Geopark Rinjani-Lombok berhasil mempertahankan status UNESCO Global Geopark dengan meraih "Kartu Hijau" untuk kedua kalinya dalam seremoni di Markas Besar UNESCO Paris. Pencapaian ini menjadi bukti komitmen Indonesia terhadap konservasi, edukasi, dan pembangunan berkelanjutan, serta melibatkan kerja keras berbagai pihak dari pemerintah hingga masyarakat adat. Status bergengsi ini diharapkan dapat meningkatkan daya tarik pariwisata, memberdayakan ekonomi lokal, dan memperkuat identitas masyarakat Lombok sebagai penjaga warisan alam dan budaya.

Kabar gembira datang dari panggung dunia, menegaskan kembali komitmen Indonesia terhadap konservasi dan pembangunan berkelanjutan. Geopark Rinjani-Lombok, permata geologi dan budaya di Nusa Tenggara Barat, berhasil mempertahankan status bergengsi UNESCO Global Geopark dengan meraih "Kartu Hijau" atau Green Card untuk kedua kalinya. Pengumuman penting ini dilangsungkan dalam sebuah seremoni di Markas Besar UNESCO di Paris, Prancis, pada Selasa (28/4/2026), menjadi bukti nyata dari kerja keras kolektif dan dedikasi panjang berbagai pihak dalam menjaga dan mengembangkan kawasan tersebut.
Konteks & Latar Belakang
Untuk memahami sepenuhnya arti penting dari pencapaian ini, kita perlu menyelami apa itu Geopark Rinjani-Lombok dan status UNESCO Global Geopark. Geopark Rinjani-Lombok adalah kawasan yang secara geografis melingkupi Gunung Rinjani yang megah di Pulau Lombok, Nusa Tenggara Barat.

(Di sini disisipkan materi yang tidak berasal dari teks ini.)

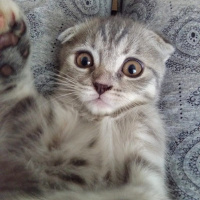 Scottish Fold, Kedi  ısabel fotoğrafı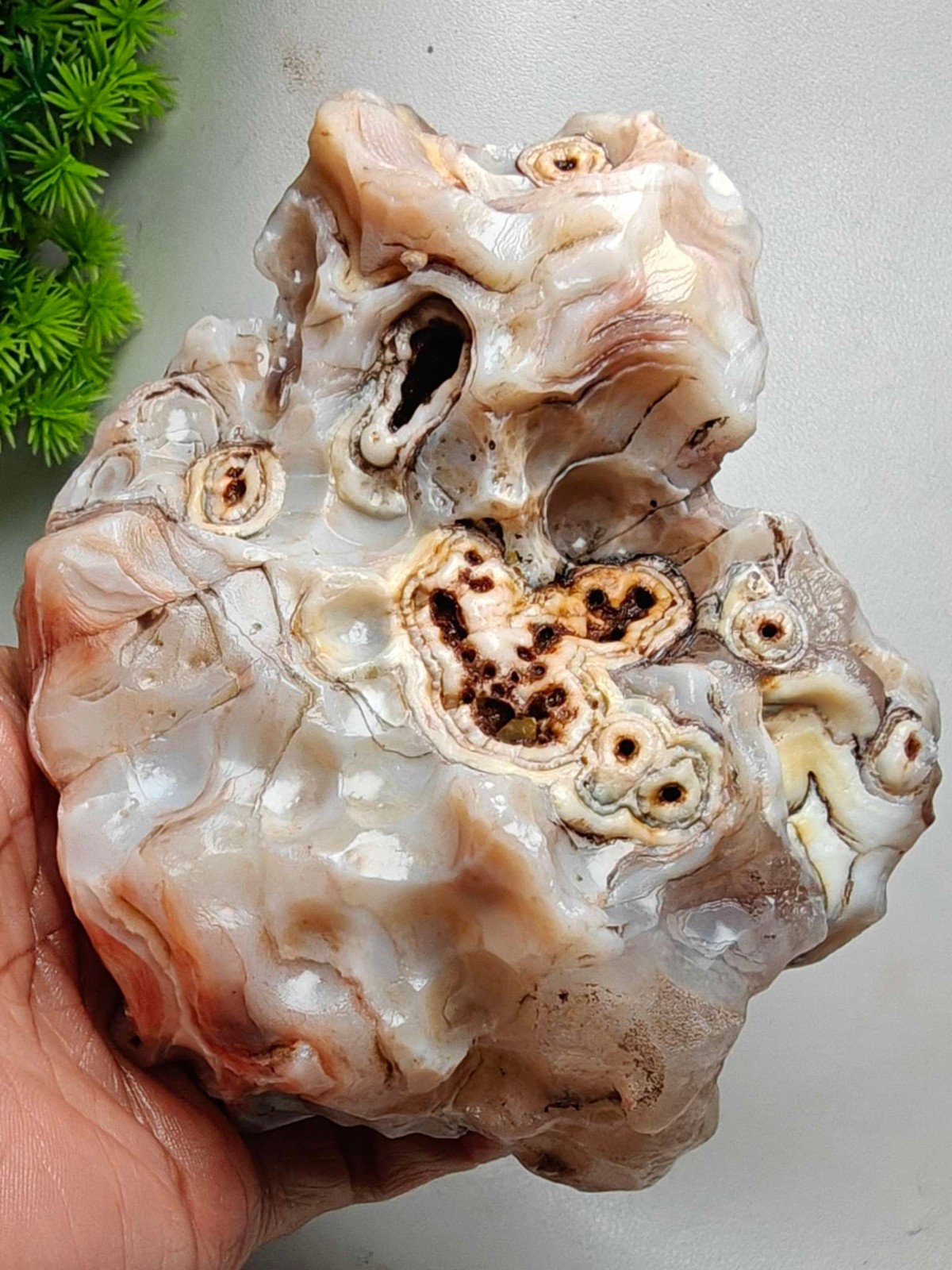 Rare China Inner Mongolia Gobi Eye Agate Stone Specimen Natural Designer 686G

Kawasan ini bukan hanya dikenal karena keindahan alamnya yang memukau, tetapi juga kekayaan warisan geologinya yang unik, keanekaragaman hayati, serta budaya masyarakat lokal yang kental. Gunung Rinjani sendiri adalah gunung berapi aktif tertinggi kedua di Indonesia, menawarkan kaldera spektakuler dengan Danau Segara Anak di dalamnya, serta formasi batuan vulkanik yang menceritakan sejarah bumi.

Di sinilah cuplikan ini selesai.